Utah Sheriff to Study Porn and Crime Statistics

LOGAN, Utah — Seeking to answer whether a link exists between porn use and crime, one Northern Utah sheriff’s department has decided to begin keeping records, XBiz learned Monday.

”We’ve been seeing an increased amount of pornography in relation to some types of crime,” Lt. Matt Bilodeau, spokesman for the Cache County Sheriff’s Department, told XBiz. “The problem was when we went out to look out for statistics to see if there was a relationship, we couldn’t find any.”

According to Bilodeau, the department is currently working to develop a set of criteria for when pornography should be documented in relation to crimes.

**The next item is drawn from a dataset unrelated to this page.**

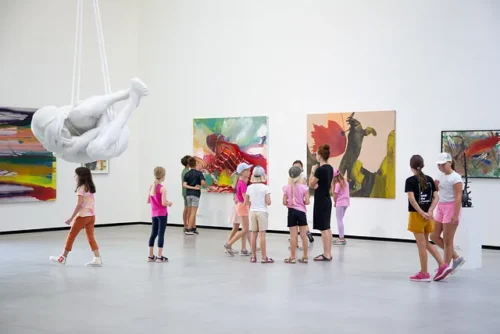 Schulworkshop Farbe bekennen © Museum Angerlehner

“Just like what we’ve done with gang members, where they have to fit certain criteria to be called a gang member, you’ll have to have certain criteria before we report pornography in relation to a crime,” said Bilodeau. "If you get in a car accident and you happen to have a bunch of pornography in your back seat, we’re not going to record that, unless you were reading it when the accident happened.”

The documented statistics are intended to add more information to the controversial debate regarding how pornography affects sex crimes, said Bilodeau.

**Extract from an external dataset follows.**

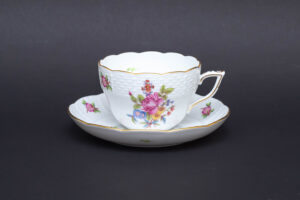 マイセン ピンクローズと忘れな草 兼用カップ＆ソーサーを買い取りまし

Recent studies in Japan and Europe have called into question the idea that pornography leads to any type of crime, let alone sex crimes.

In a 1999 study published in the International Journal of Law and Psychiatry, Milton Diamond and Ayako Uchiyama wrote that large increases in available sexually explicit materials have not be correlated with increases in sexual crimes.

“Indeed, the data we report and review suggests the opposite,” the study reads. “The absence of any positive correlation in our findings, and from results elsewhere, between an increase in available pornography and the incidence of rape or other sex crime, is prima facie evidence that no link exists.”

Bilodeau said that the department will use the information as purely a statistical tool and hopes that it will help law enforcement draw some new conclusions about the relationship.

“There was a common thread with a lot of people we have here in our jail with alcohol and drugs. People were committing a burglary to get money for drugs or they were going into someone else’s house and falling asleep on the floor and getting arrested,” said Bilodeau. “Now, we’re seeing a common thread with pornography.”

Bilodeau said that the criteria will probably be compiled by the department within the next three weeks and then handed over to the city and state attorney’s offices to make sure that the reporting does not violate civil rights.